Commissionata forse già nel 1525-26 dai domenicani di San Zanipolo, in concomitanza con la canonizzazione del santo (1523), la pala fu portata a termine solo nel 1542, per 90 ducati al posto dei 125 pattuiti. La tempistica non è casuale, vista la coincidenza con un altro importante anniversario: la fondazione della Società dei Buonamini di San Martino, sorta a Firenze nel 1442 per volere dello stesso Antonino.

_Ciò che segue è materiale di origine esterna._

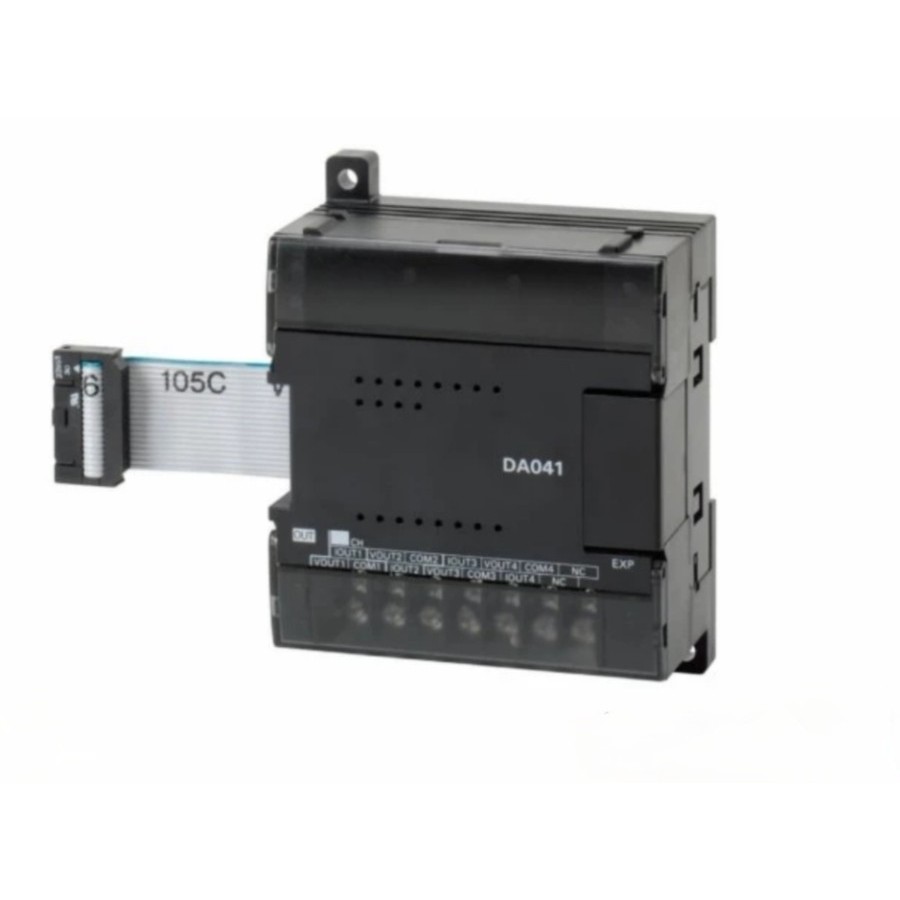 CP1W-DA041 CP1W DA041 EXPANSION ANALOG OUTPUT CP1WDA041 OMRON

La pia associazione era incaricata della cura dei “poveri vergognosi”: categoria specifica di poveri, cui allude anche Lotto nella dama con la veletta in primo piano, costituita da personaggi di alta condizione sociale caduti in miseria.
L’immagine si schiera così a sostegno di una nuova posizione ideologica sorta di fronte al dilagare della povertà, in favore di una distribuzione locale delle elemosine, gestita dalle parrocchie: la carità non si traduce più in un atto spontaneo e trasversale, ma in un fenomeno regolato in termini istituzionali.
La storia conservativa dell’opera è ben documentata, segno del rispetto di cui la pala ha storicamente goduto. Non altrettanto soddisfacenti sono stati, però, i risultati dei vari interventi di restauro succedutisi nel tempo: dalle integrazioni ottocentesche − inefficaci, secondo Moschini, nella restituzione del “fulgore delle tinte” −, fino al restauro di primo Novecento di Bonomi, mirato a rimuovere incrostazioni di cera, muffa e vernici ossidate, risultato influente nell’alterazione del testo.
La scarsa qualità dei restauri è stata confermata dalle ricognizioni degli anni Ottanta per essere finalmente superata dal restauro di Nonfarmale (1984-85). La tenuta di quest’ultimo ha reso sufficiente, per una rinnovata capacità di lettura del testo figurativo, una semplice manutenzione limitata alla riadesione di alcuni sollevamenti della materia pittorica, alla rimozione delle alterazioni più evidenti, alla stuccatura di alcune lacune e a qualche integrazione di colore. E’ stato quindi possibile recuperare l’originaria limpidezza del colore, rendendo giustizia alla qualità della pittura lottesca, ammirata anche dal grande “colorista” Tiziano.